Operations and major projects
Keen to satisfy its clients by offering new services, the Dunkirk LNG terminal is commissioning an automated tank-truck LNG filling station. The tank trucks will then be able, among other things, to supply vessels. This innovative project, which required two years of studies and construction work, is a first in Europe.
It resembles a conventional filling station but it offers an unprecedented service. Dunkerque LNG’s LNG filling station enables trucks to fill up with 40 m3 of liquid gas - almost 18 tonnes - in 50 minutes. "It is almost as simple as filling up your own car," notes Souhail Lahlou, the engineer entrusted with this project. "LNG is loaded thanks to a difference in pressure between the tank and the station. Drivers can fill their tank trucks on their own, as long as they have completed a training course. The man-machine interface is intuitive and effective."
This supply project forms part of the €50 million investment plan announced in February 2019 for the next three years. The commissioning of the filling station in February 2020 marks the end of two years of studies and construction work. The work site was entrusted to Edison, an Italian engineering firm that is very familiar with the terminal. As from June 2019, the teams within Dunkerque LNG and Gaz-Opale got involved in the project. "We carried out, in particular, all of the test phases, which are essential for guaranteeing user safety and ensuring that the station functions correctly," explains Souhail Lahlou. "Drafting the contract for this new service also required a great deal of work." The company Total Marine Fuels made a financial investment in this project. At the moment, it is the only client signed up to use this automated station. Nevertheless, other companies could also be interested in it. "In 2020, the station is expected to fill 1,000 trucks but it has the capacity to fill 3,000 trucks per year. There is, therefore, substantial room for progress," concludes Souhail Lahlou.

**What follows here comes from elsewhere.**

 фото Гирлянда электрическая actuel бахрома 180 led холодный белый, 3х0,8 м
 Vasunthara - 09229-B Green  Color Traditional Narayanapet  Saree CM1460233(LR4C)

The terminal’s refilled tanks will be used, in particular, to bunker the Honfleur, the first LNG-powered vessel that is owned by Brittany Ferries and sails between Ouistreham in Normandy and Portsmouth in England. The tank trucks are hoisted by crane on to the vessel using gantries installed for this purpose. The containers fill a fixed LNG storage tank located to the aft of the vessel.
For environmental reasons in particular, LNG is bound to develop as a marine fuel. In comparison with vessels powered by heavy fuel oil, the use of LNG reduces sulphur and fine-particle emissions by 99% and CO2 emissions by 25%.